A Bangladeshi-origin businessman from Wales has been arrested in Spain over his alleged involvement in a worldwide Islamic State weapons programme unearthed by the UK media.
Ataul Haque is believed to be linked to a network of front companies, run from an office in Cardiff, which are accused of financing attacks in the US and shipping military- grade equipment for ISIS around the world, the Sunday Times reported.
Spanish police allege that the 34-year-old was involved in "one of the most secretive and sophisticated" branches of the terrorist organisation and that it aimed to create weaponised drones.
Balaclava-clad police with assault rifles raided Haque's home in Merida, southwest Spain, on Friday morning.
He later appeared before an investigating judge at the national criminal court in Madrid.
The arrest follows a Sunday Times investigation last month into a network of companies in south Wales set up by Haque's brother, Siful Sujan, who later travelled to Syria to become a senior figure in the ISIS weapons development programme and was killed, aged 31, by an American drone strike in 2015.

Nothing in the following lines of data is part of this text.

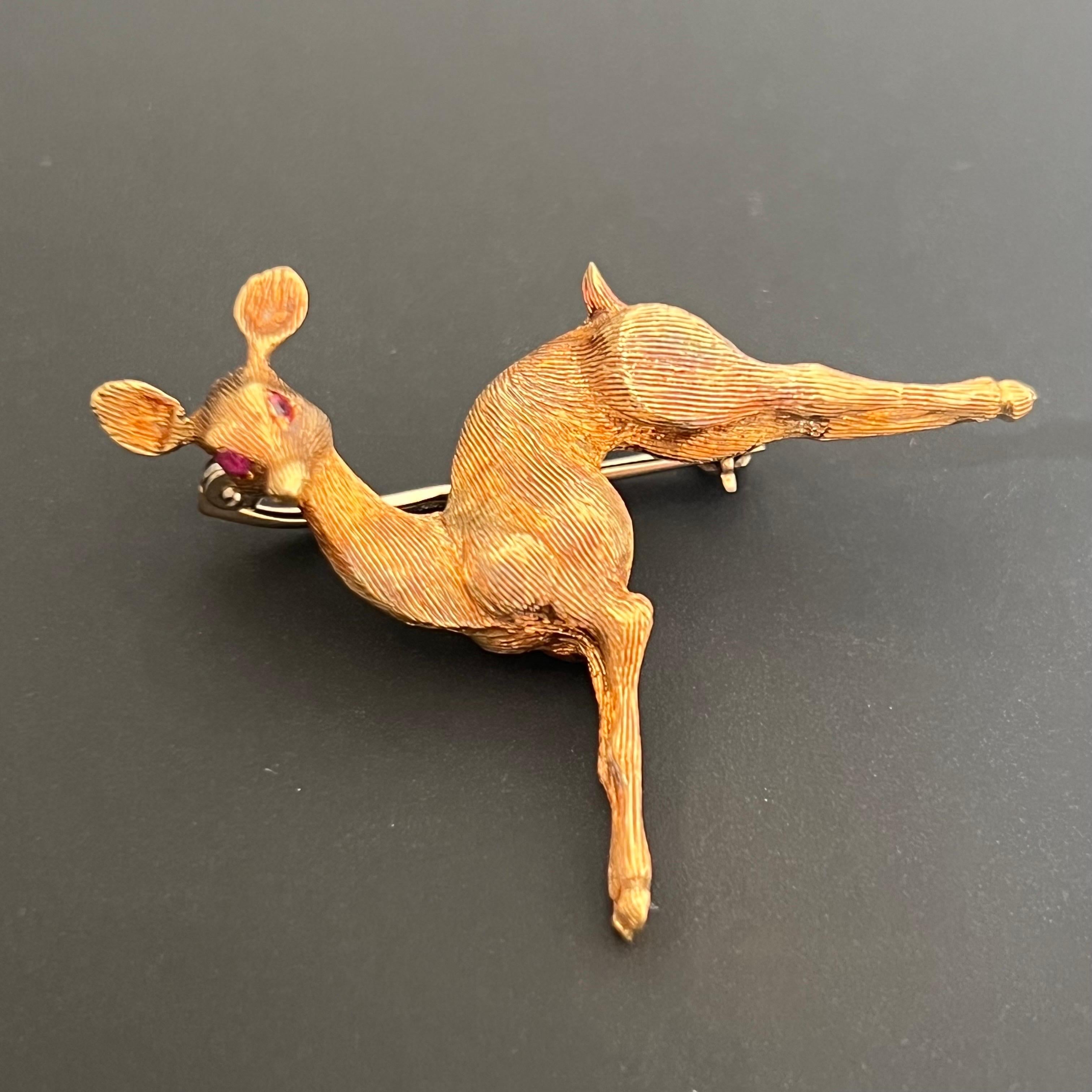 Broche vintage de oro de ciervo de Aldo Garavelli, Italia ca. 1950 Corte brillante en venta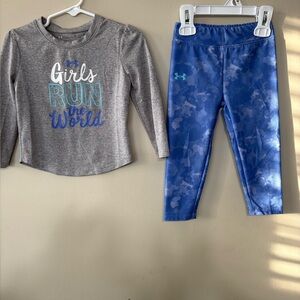 Under Armour toddler girls' long sleeve shirt and printed leggings set Size 24M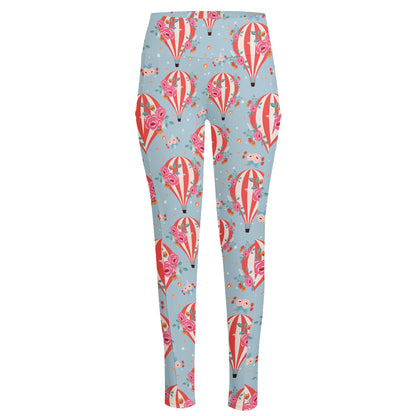Floral Air Balloon Pattern Print High-Waisted Pocket Leggings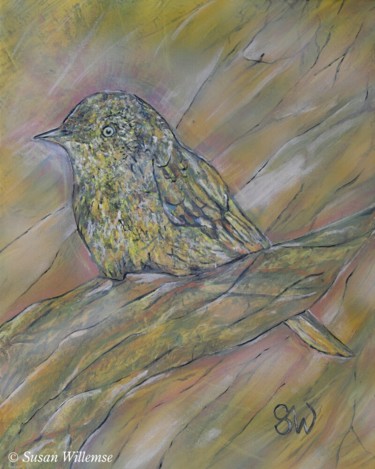 Painting titled "Thornbill" by Susan Willemse, Original Artwork, Acrylic Mounted on Wood Stretcher frame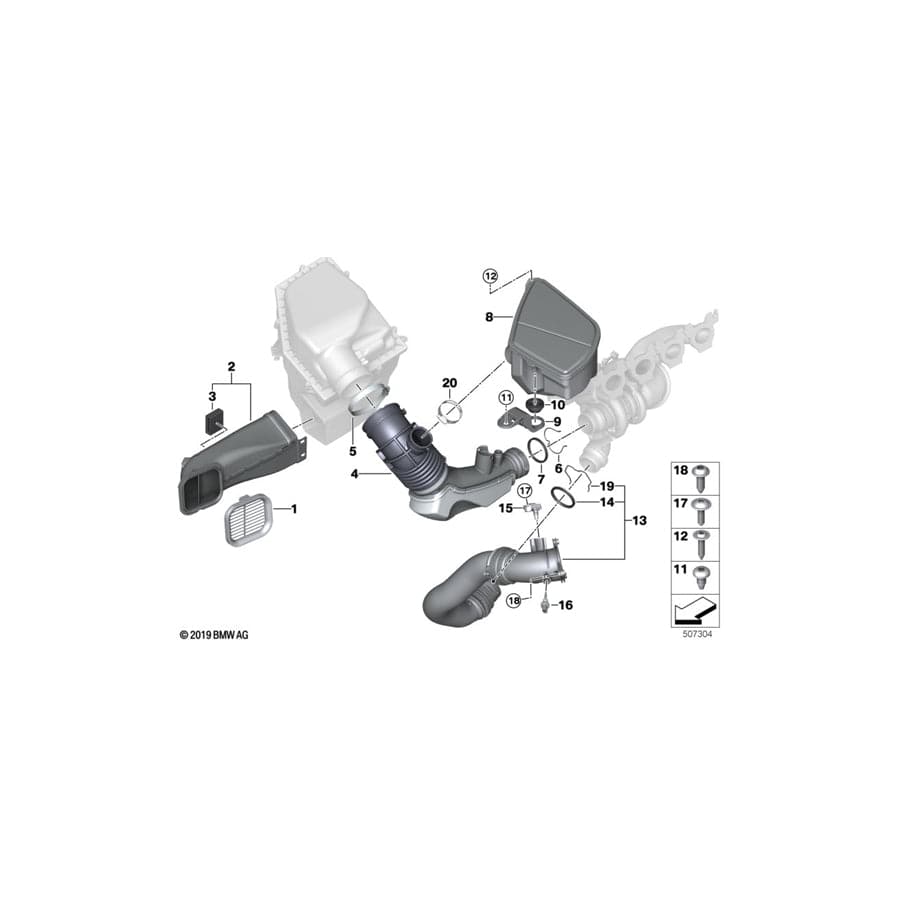 Genuine BMW 13718648428 G32 G06 G01 Spring Clip (Inc. 520i 1.6, X3 20i & 730i) | ML Performance UK Car Parts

Sujan and Haque were directors of Ibacstel Electronics, which operated from a business park in Cardiff.
In 2015, the company was used to send $7,700 in cash to an ISIS supporter in the US state of Maryland for "causing destruction or conducting a terrorist attack in the United States," according to US court papers, based on FBI evidence.
Haque, who once lived in Pontypridd, moved to Spain in August 2015 with his Spanish-born wife, Ana Gonzalez, 34, a Muslim convert.